Roland Carrée : Premièrement, il s’agit en effet d’un authentique chef-d’œuvre qui constitue une réflexion cinématographique unique sur la place du réalisateur et des comédiens. Ce film rempli de mises en abyme permet de réfléchir sur le pouvoir de l’image cinématographique. Deuxièmement, ce film tourné en 1974 et interdit jusqu’aux années 90 était devenu quasiment introuvable. Ce n’est que très récemment que l’Atelier de l’Observatoire, à Casablanca, et la Filmoteca de Catalunya, à Barcelone, ont entrepris un gros travail de restauration pour nous en proposer une version magnifique. On assiste aujourd’hui à une renaissance d’un film extraordinaire. Troisième raison, et non des moindres, Mostafa Derkaoui sera parmi nous à Marrakech et cette restauration qui constitue une apothéose de sa carrière sera l’occasion d’échanger avec le public, en compagnie de Sophie Delvallée qui a réalisé un documentaire sur lui et de Mostafa Dziri qui est l’un des comédiens du film.

Le Site Info : Certains films du cru 2019 de l’ÉSAV Marrakech seront également visibles à Dar Bellarj ainsi qu’au Musée Yves Saint Laurent. Quels genres cinématographiques privilégient vos étudiants et quelles thématiques abordent-ils ?

Roland Carrée : Ce sont des films aux genres très variés et qui ne parlent pas forcément du Maroc. Beaucoup revendiquent une portée universelle. On pourra découvrir des films parfois décalés, flirtant avec l’irrationnel. Nous apprenons à nos étudiants à penser davantage en termes de cinéma qu’en termes de sujets.

Le Site Info : D’autres évènements sont-ils prévus en dehors des projections ?

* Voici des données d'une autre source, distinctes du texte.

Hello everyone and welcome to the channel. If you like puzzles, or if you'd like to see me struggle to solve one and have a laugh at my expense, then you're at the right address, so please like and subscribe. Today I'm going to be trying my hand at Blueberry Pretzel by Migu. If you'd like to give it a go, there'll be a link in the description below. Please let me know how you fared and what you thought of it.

Roland Carrée : Absolument. La Fête du Cinéma de Marrakech est un festival avant tout axé sur la rencontre. Nous aurons beaucoup d’invités : des réalisateurs, des comédiens, des producteurs, des directeurs de casting… Au-delà des discussions qui suivent les séances de films, trois grandes rencontres sont ainsi programmées. Ainsi, une table ronde sera consacrée aux actrices et acteurs au Maroc et abordera plus précisément les questions de la formation et du casting. Une masterclass, animée sous ma direction par des étudiants de l’ÉSAV, sera donnée par Mouna Fettou. Nous avons également lancé un concours de scénarios de courts métrages destinés à tous les Maghrébins. Parmi la trentaine de projets reçus, nous en avons sélectionné six qui seront lus publiquement par des comédiens lauréats de l’ISADAC. Un jury de professionnels décernera un prix offert par TV5 Monde. J’ajoute enfin que les enfants n’ont pas été oubliés puisqu’une séance leur sera proposée avec un programme de nombreux courts métrages d’animation. Il est important de développer et d’entretenir une réflexion sur l’image dès le plus jeune âge chez les futurs spectateurs de cinéma.

O.R.

Fête du Cinéma de Marrakech, du vendredi 27 au 29 septembre.